Há mais qualidade nesta temporada, mas não o suficiente para o Vasco disputar as primeiras posições. Dependerá muito do reajuste coletivo da equipe e do francês Dimitri Payet, que é a melhor notícia cruz-maltina em 2024. Muitos quilos mais magro, em ótima forma técnica e física, fez a diferença em alguns jogos até aqui. Tem cinco assistências e dois gols. Começa, porém, a competição com uma lesão no joelho.
Por mais que nos duelos contra o Nova Iguaçu a produtividade ofensiva não tenha sido a ideal, o time não tem tantos problemas com a bola. Mostrou capacidade de se aproximar e triangular pelos flancos em diversas partidas. Sempre utilizando o ala, o meia do setor, o apoio de um volante, e muitas vezes um dos zagueiros. João Victor e Léo possuem essa característica. Têm bom passe e coragem para arriscar.
Quando o Vasco atua com três zagueiros – maioria dos jogos da temporada -, eles são também uma boa ferramenta para superar a pressão alta adversária. Seja com passes ou em conduções. O time já fez gols saindo de pressões assim, trabalhando a bola de pé em pé e invertendo o lado da jogada ao entrar no campo de ataque.
Lucas Piton é outra ferramenta fundamental no funcionamento da equipe. Apoia muito pela esquerda, sempre com boas decisões ao chegar à linha de fundo. Tem sido fundamental quando consegue pisar na área adversária. Ao lado de David, é o vice-artilheiro do time na temporada.
Ainda dentro do estilo de troca de passes curtos e aproximações para triangular, é necessário falar do chileno Galdames. Mostrou capacidade de articulação e mobilidade para encostar nos dois lados do campo. Coloca-se também na região de finalização dos ataques. Tem qualidade técnica para o último passe e a finalização. Participou diretamente de cinco gols.
O problema tem sido sua contribuição defensiva. Muito baixa para um ‘’segundo volante’’, causando problemas ao time. Este, aliás, é um dos muitos pontos de ajustes necessários ao Vasco. A frente da área tem ficado exposta com a ausência de compactação no setor. Zé Gabriel acabou sobrecarregado. O clube busca a contratação de um volante.
A última linha de defesa também apresenta constantes problemas de coordenação. Não sobe em conjunto para pressionar, protege mal os espaços em profundidade e abre lacunas entre os integrantes.
Mais coisas explicam a média superior a um gol sofrido por jogo. Uma delas é a queda de concentração quando há um placar favorável. O time perde intensidade. É permissivo aos avanços adversários. As transições defensivas também precisam ser mais competitivas.
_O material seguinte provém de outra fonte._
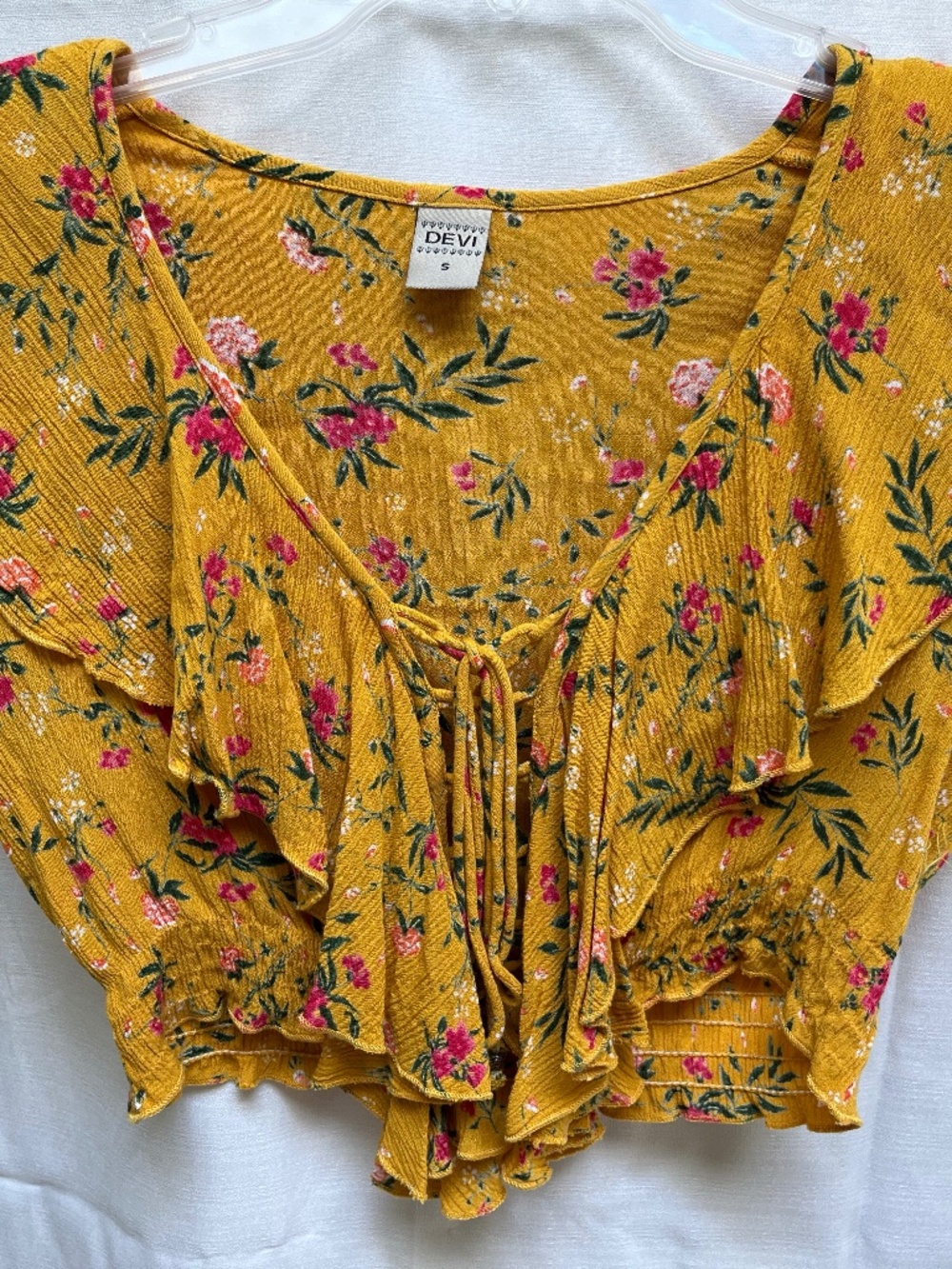 Yellow Flowered Ruffled Lace-Up Crop Top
É possível identificar que os jogadores têm enraizado o conceito do ‘’perde, pressiona’’. Tentam retomar rapidamente a bola, e dois gols já foram construídos assim em 2024. O problema é manter a energia nos duelos. E, quando esta primeira pressão é superada, a equipe demora muito a reocupar os espaços, ficando em inferioridade constante em contragolpes adversários.
Se não evoluir nos aspectos citados sem a bola, o Vasco não fará um Brasileirão competitivo. Encontrar o equilíbrio acabou sendo algo que se tornou crônico até aqui.
Voltando à seara positiva, as bolas paradas se destacam. Payet tem uma batida mágica e a equipe apresenta repertório variado de jogadas em escanteios e faltas laterais. Vegetti é um dos principais cabeceadores do elenco. O homem-gol é muito procurado também nas jogadas de bola rolando. A estrutura de construção do Vasco é voltada para o último passe ser quase sempre um cruzamento para o centroavante.
A torcida merece um Brasileirão mais tranquilo. Sem períodos na zona de rebaixamento e lutando por vaga ao menos na Copa Sul-Americana. A última amostragem antes do campeonato, entretanto, não foi muito animadora. As quatro semanas de treinamento podem ter efeito positivo nas rodadas iniciais.